I implemented my custom kernel and operator following this guide.
Here’s a snapshot of dynamo graph that creates the intermediate tensor and performs all reduce.
# Topologically Sorted Source Nodes: [out_2], Original ATen: [cutlass_gemm._gemm]
buf11 = torch.ops.custom_gemm.gemm.default(arg8_1, reinterpret_tensor(buf9, (2048, 32768), (1, 2048), 0), 128, 192, 1, 1, False, True, False, 0, 1)
del arg8_1
del buf9
buf12 = buf11
del buf11
# Topologically Sorted Source Nodes: [tensor], Original ATen: [_c10d_functional.all_reduce]
torch.ops._c10d_functional.all_reduce_.default(reinterpret_tensor(buf12, (128, 256, 4096), (1048576, 4096, 1), 0), 'sum', '0')
# Topologically Sorted Source Nodes: [wait_tensor], Original ATen: [_c10d_functional.wait_tensor]

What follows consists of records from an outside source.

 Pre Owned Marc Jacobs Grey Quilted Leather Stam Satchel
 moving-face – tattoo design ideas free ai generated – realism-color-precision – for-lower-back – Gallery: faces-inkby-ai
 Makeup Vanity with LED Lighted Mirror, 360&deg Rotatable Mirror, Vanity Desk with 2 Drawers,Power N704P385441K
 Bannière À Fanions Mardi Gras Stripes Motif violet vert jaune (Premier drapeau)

torch.ops._c10d_functional.wait_tensor.default(reinterpret_tensor(buf12, (128, 256, 4096), (1048576, 4096, 1), 0))
buf18 = empty_strided_cuda((128, 256, 4096), (1048576, 4096, 1), torch.bfloat16)
# Topologically Sorted Source Nodes: [x, h, mul_11, mean_1, add_5, rsqrt_1, mul_12, mul_13], Original ATen: [aten.embedding, aten.add, aten.mul, aten.mean, aten.rsqrt]

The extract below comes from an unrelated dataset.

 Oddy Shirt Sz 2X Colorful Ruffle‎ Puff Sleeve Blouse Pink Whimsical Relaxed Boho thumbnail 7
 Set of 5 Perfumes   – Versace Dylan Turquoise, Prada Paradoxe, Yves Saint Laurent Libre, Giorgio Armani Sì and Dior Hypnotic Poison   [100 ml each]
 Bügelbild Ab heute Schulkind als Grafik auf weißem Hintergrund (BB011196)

triton_red_fused_add_embedding_mean_mul_rsqrt_4.run(arg3_1, arg2_1, buf12, arg9_1, buf18, 32768, 4096, grid=grid(32768), stream=stream1)
buf12
also gets deleted soon after so I was expecting the tensor created during custom_gemm.gemm
to be deleted afterwards.
This code from CUDACachingAllocator.h suggests that some other streams might be using the tensor, which I can’t find.
struct TraceEntry {
enum Action {
...
FREE_REQUESTED, // API call made to the caching allocator to free memory
FREE_COMPLETED, // The allocator might have to delay a free because
// it is still in use on another stream via record_stream
// This event is generated when a free actually completes.
...
};
Would it be possible to manually release a tensor? Or it looks like the tensor can be overwritten when I don’t use the custom kernel and set torch.compile config allow_buffer_reuse=True
. So would there be a way to let torch compiler overwrite buffers for custom kernels too?